Another big change during his career is the “dramatic speed at which business gets conducted,” Scott said.

“This big change is largely enabled by information technology,” he said. “People can more quickly make a decision, invent something, or deploy a product. And at the same time, people’s hunger for information is also at a much higher magnitude than it was.”

Another recent evolution is that consumer devices – smartphones, small PCs, even gaming machines – are becoming a part of the systems landscape at companies.

“When you think about it, Microsoft has done a form of this for a long time, but most IT organizations don’t have the experience of managing the variety and depth of devices that we do. Because of the business we’re in, and the manufacturers we support, a lot of companies are looking at us and saying, ‘How do you manage all of these things?’” Scott said. “From phones, PDAs, small-form-factor PCs all the way to gaming. It hasn’t been part of the normal IT landscape, but it’s also an interesting position for us to be in at Microsoft IT.”

Running the IT department at one of the world’s largest technology companies is a task that Kevin Turner, Microsoft’s chief operating officer, once called one of the hardest jobs at Microsoft.

Scott has found that his role covers three main missions. One, of course, is to operate a well-run and efficient organization. “That’s the day job, the everyday, 365-days-a-year role, to make sure MSIT is as organized and good as it can be – and is also as good as the company needs it to be,” Scott said.

But there are two other “compelling and fun” missions of his job.
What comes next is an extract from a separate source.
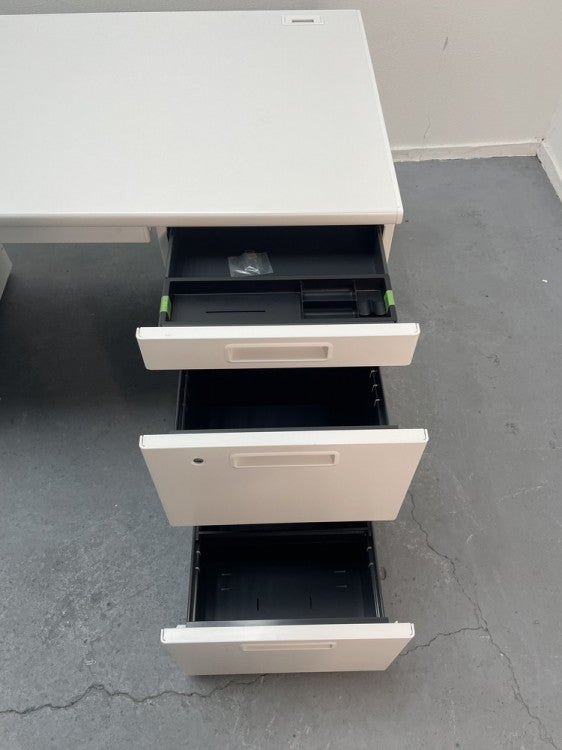 コクヨインベントシリーズ 1400両袖デスク 商品画像10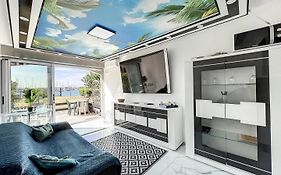 Studio Prestige avec terrasse, île des pêcheurs, Vue port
One involves working with customers, including other large IT departments, not only to share Microsoft’s technology and business solutions but also to serve as an IT organizational model.
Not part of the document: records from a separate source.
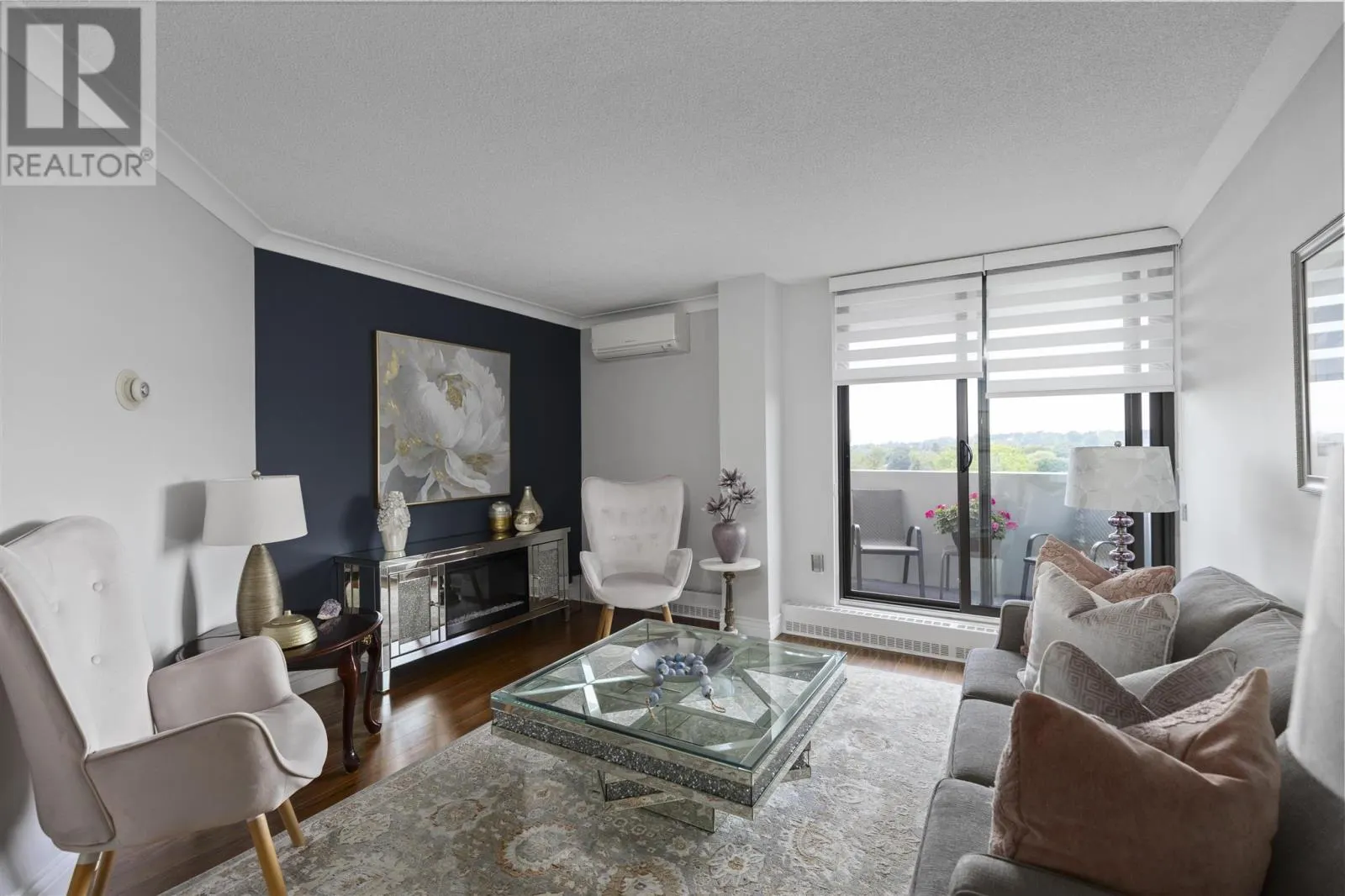 1139 Queen ST E # 902
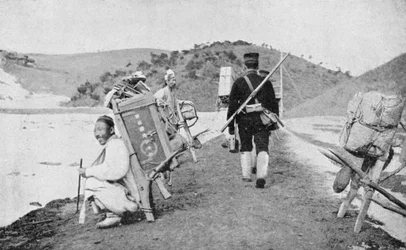 Korejští kuli jako nosiči japonských vojáků, rusko-japonská válka, 1904-5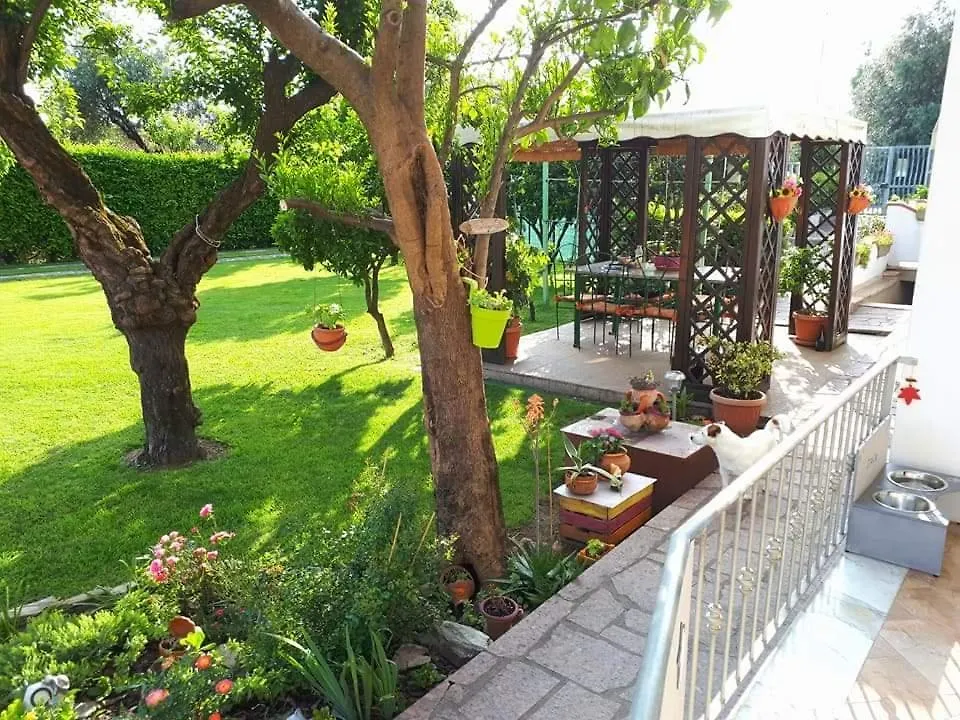 L' Oasi Di Elisa Apartment Massa  Italy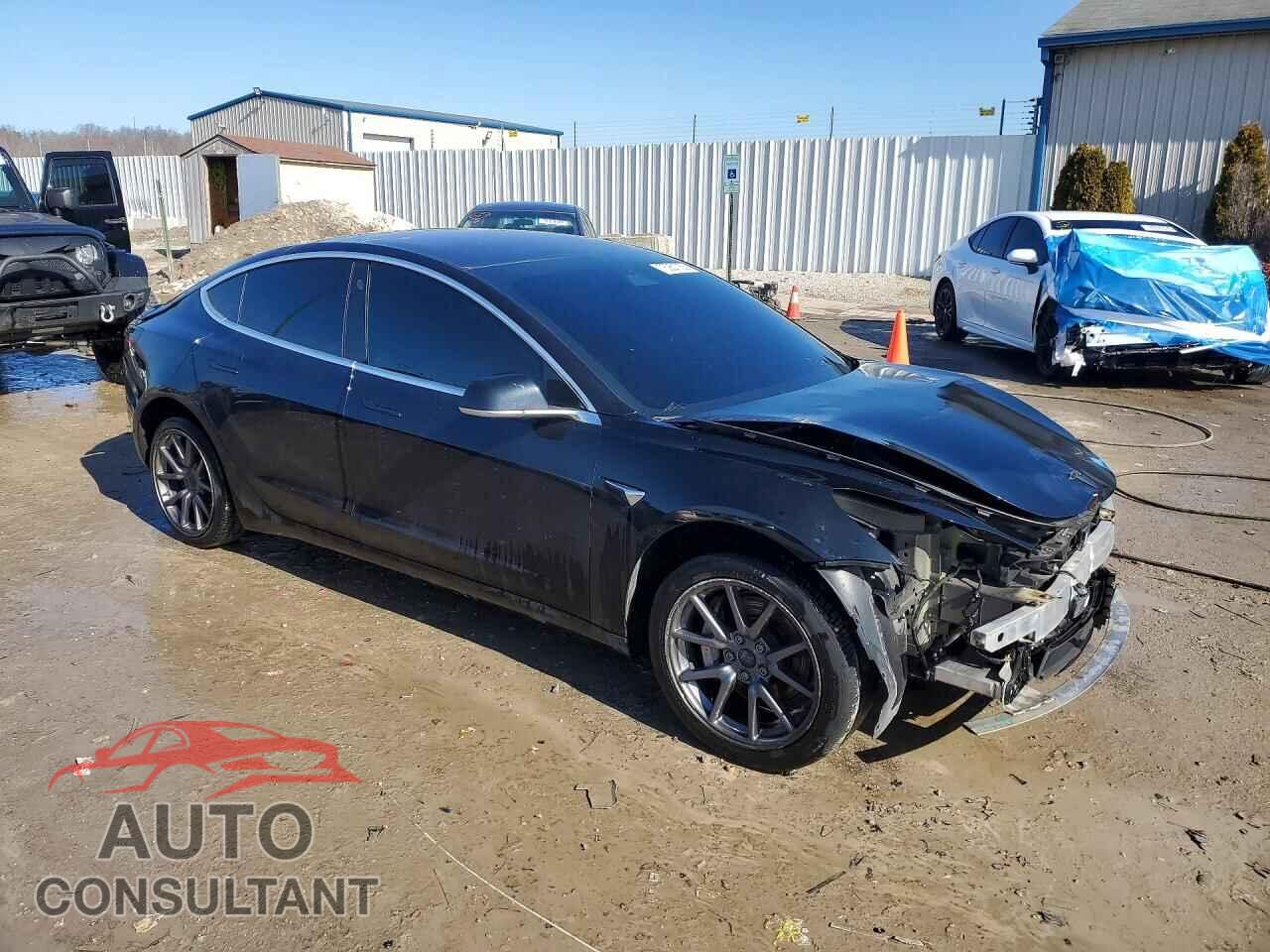TESLA MODEL 3 2018 - 5YJ3E1EA8JF023051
“There are lots of moving pieces when you have the diversity of products Microsoft has, and the many ways they can be put to use,” Scott said. “I spend a fair amount of time with customers, especially Microsoft’s large enterprise customers.”

Another mission is to work successfully with Microsoft’s product groups to deploy software at scale long before it’s in the hands of the public.

“The ability to have that intimate dialogue with product groups – not every CIO gets that,” Scott said.

Scott is particularly proud of the improvements made to the internal product launch process, all of which could be seen with the deployment of Windows 7. “There was heavy IT involvement to make sure it all goes as smoothly as it can,” Scott said, adding that behind the successful launch was a lot of hard work.

Another major accomplishment is that Microsoft has gone 10 fiscal quarters without any sort of systems failure leading to missed sales.

Scott knows what it’s like to experience a large-scale systems failure. While working as senior vice president and CIO of The Walt Disney Co. – where he was the first CIO to manage Disney’s companywide IT – a series of unlikely and unfortunate events resulted in five separate power outages at two of the company’s data centers.

This “got me into the religion of risk management and core infrastructure,” Scott said. The outages got the attention of senior executives, and Scott then led the company through a major transformation, including improving the reliability and effectiveness of the company’s information systems; shifting focus more toward employee enablement; and upgrading core IT infrastructure including data center reliability.

Scott said he’s excited about what being honored by induction into the CIO Hall of Fame may mean for the future. “It may represent a greater opportunity to reach out and have a dialogue about how we can make technology even more relevant,” he said. “I’m excited about it in that sense.”

As for what the honor says about his past? Scott is the first to share the honor with people he’s worked with along the way.

“I think this award probably says more about the company I keep,” Scott said. “I’d say most of the credit goes to the incredible support I’ve had, and the people who’ve helped me along the way. I’ve had the great fortune of not only having great mentors, but also an extremely supportive staff and great colleagues to work with who every day bring great inspiration and help me with the difficult parts at every turn.”

“I have dream job,” he added. “No question about it.”